Lined with a waterproof/breathable Gore-Tex membrane, these boots protect well against wetness.
Rock Climbing Ability
The flexible ankle cuff also allows for more movement while pulling the occasional rock move. The sole rubber is fairly sticky, which helps to grip the rock, but the edging precision in these boots is less than in some of the other boots. Having a front toe-welt allows for use with step-in crampons, which makes them climb ice far better than a boot without a front welt, like the La Sportiva Trango Cube GTX - Women's, but reduces the edging and smearing ability simply by adding bulk to the front of the boot. These boots are best at ice climbing, and won't fail you if you have to climb the occasional rock step to the summit. If you plan to do a lot of rock scrambling, try a boot like the Trango which is tailored to that purpose.
Ice Climbing Ability
McKenzie Long leading a pitch of ice in the Lowa Mountain Experts. The excellent heel-lock and stiffness of the full shank allow these boots to climb ice very well, and provide excellent support for front-pointing.
Qualities that make for good ice climbing ability are stiff, full-boot support, and good heel-lock, which often comes down to fit and the lacing system. The Mountain Expert has both. The tongue has a metal stud in the center for winding the laces around. Lowa claims that this patent-pending feature allows for customization of the tightness along the top of the foot. At first we were skeptical, but found that this in conjunction with a good-fitting heel cup keep the foot firmly in place and prevent the feet from sliding forward and banging into the front of the boot.
The metal tongue stud is a patent-pending innovation that is intended to allow the wearer to customize lace pressure along the front of the boot. We feel that it does help with the heel lock while climbing.
With the heel locked in place, the feet and legs have good leverage when front-pointing in the ice without the insecure feeling of the heels sliding up in the boot. The stiff- full shank provides a great platform to stand on in crampons. Overall we were quite impressed with the ice climbing ability of these boots.
The flexible, slightly lower-cut ankle cuff allows for a great range of movement while hiking and approaching. The sole is rockered, which enhances the hiking ability and makes for more natural movement in an otherwise stiff boot. The heel is not as deeply incut as on the Nepal Cube GTX or the Scarpa Mont Blanc Pro GTX - Women's, but is still pronounced enough to provide decent traction and braking when walking downhill in slippery snow.
Overall, we found the Lowa boots to be durable and hold up to hard use well. The one problem we foresee is that the webbing loops that hold the 3rd metal lace loop seem vulnerably placed, and could be snagged by sharp crampon points.
The laces on the Lowa Mountain Expert. We feel that the webbing holding the 3rd metal grommet lace pull might not last.

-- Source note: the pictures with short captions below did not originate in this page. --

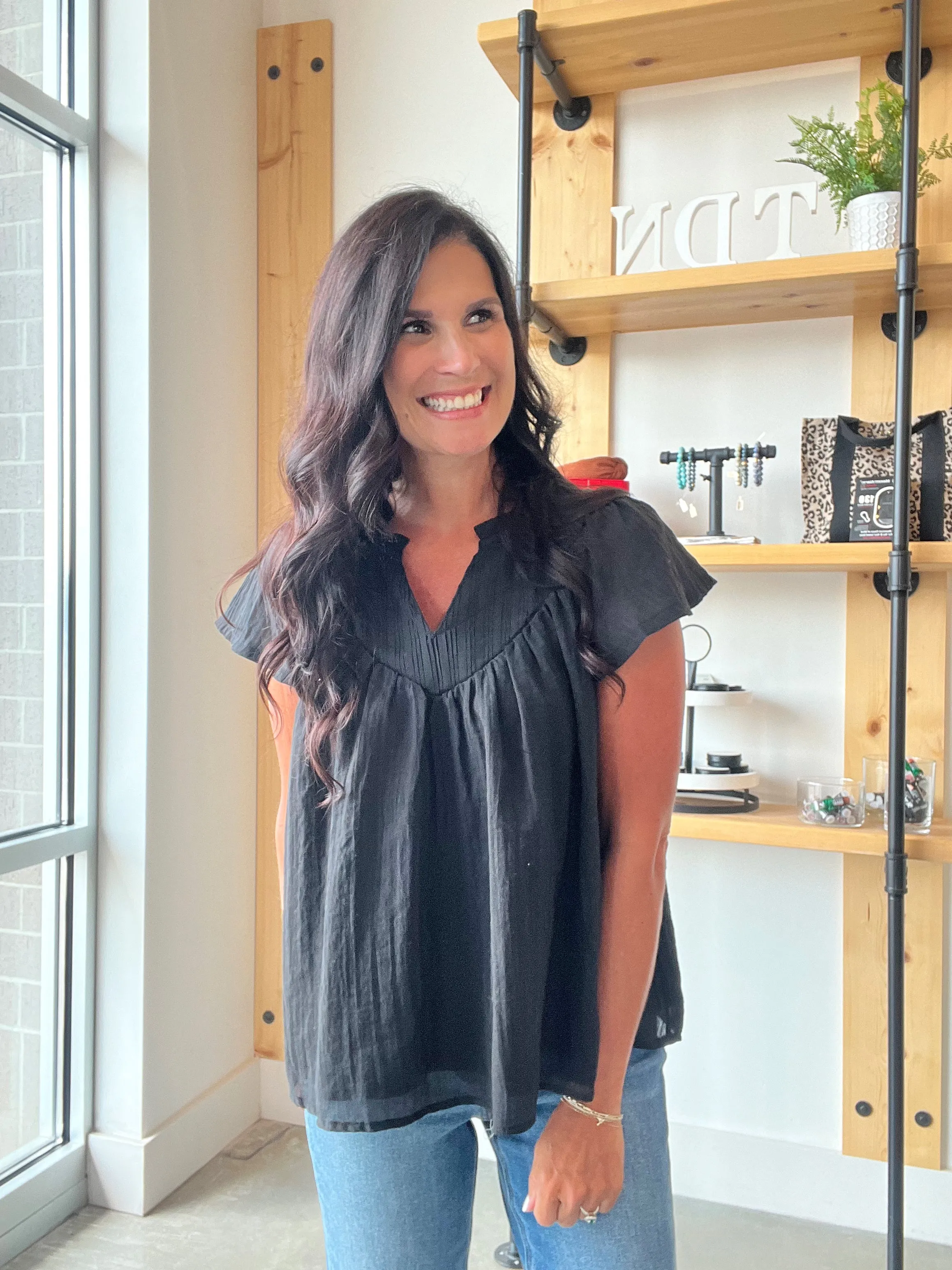 Flutter Sleeve Boho Blouse in Black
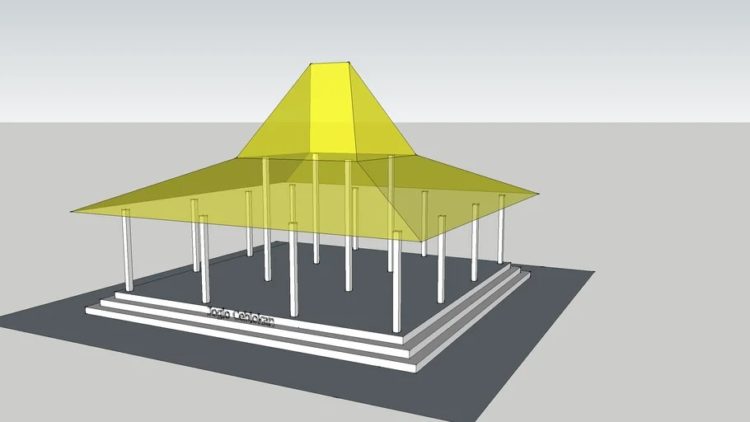 Ilustrasi 3D macam macam Joglo di rumah adat Yogyakarta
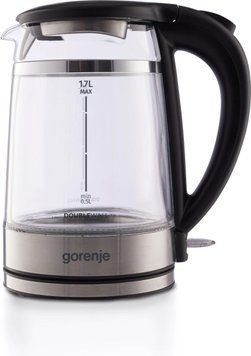 Gorenje Електрочайник 1.7л, 2,200 Вт, strix контроль, скло, чорний K17GDW фото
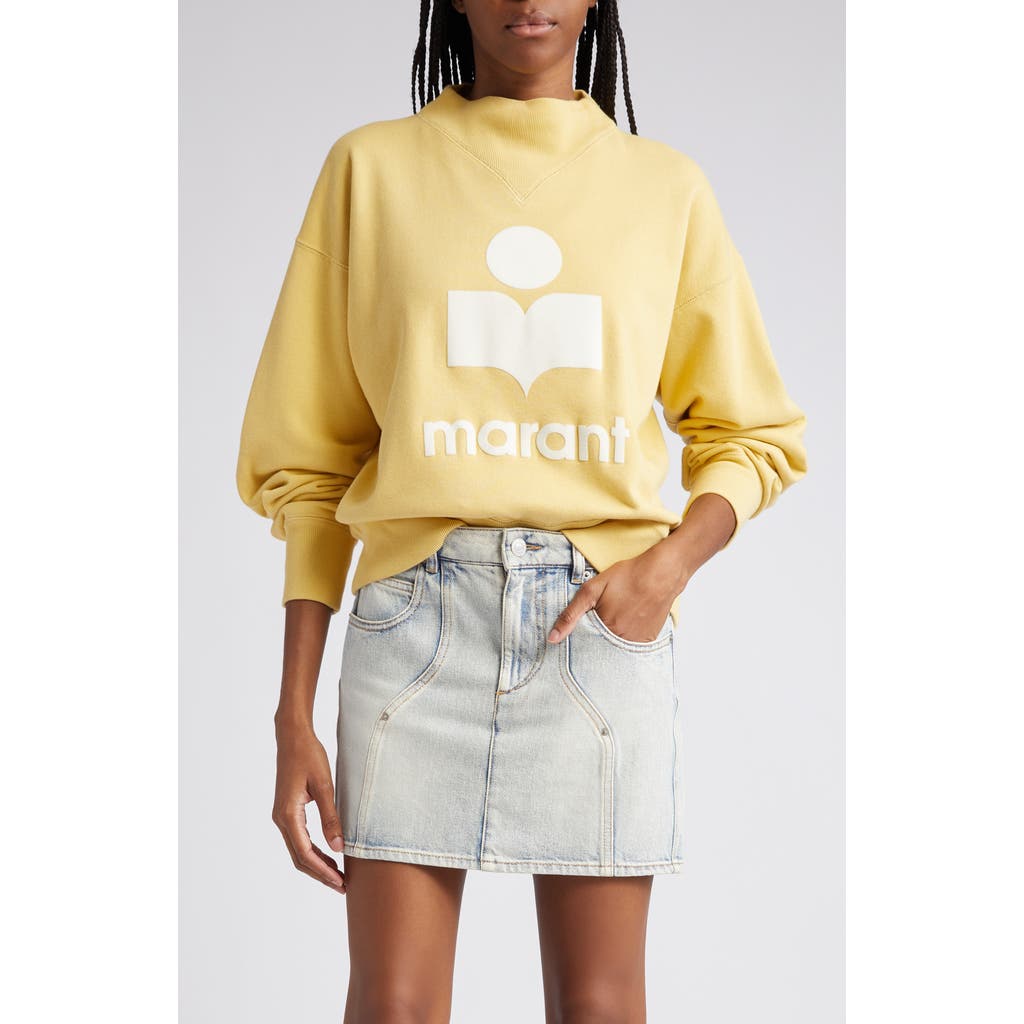Shop Isabel Marant Étoile Moby Mock Neck Logo Graphic Sweatshirt In Sunlight/ecru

Since these boots are less warm than some of the other boots we tested, they are not the best choice for very cold climates like Colorado, but work better in wetter, warmer maritime climates, such as California and the Cascades. Since they are lightweight and hike well, they also make sturdy boots for backpacking in snowy, alpine environments.
For $100 less than our Editors' Choice winner, the Lowa Mountain Expert is a lightweight, high performing boot at a lower cost, which is why it wins our Best Buy Award. It is an excellent deal for a high-quality product.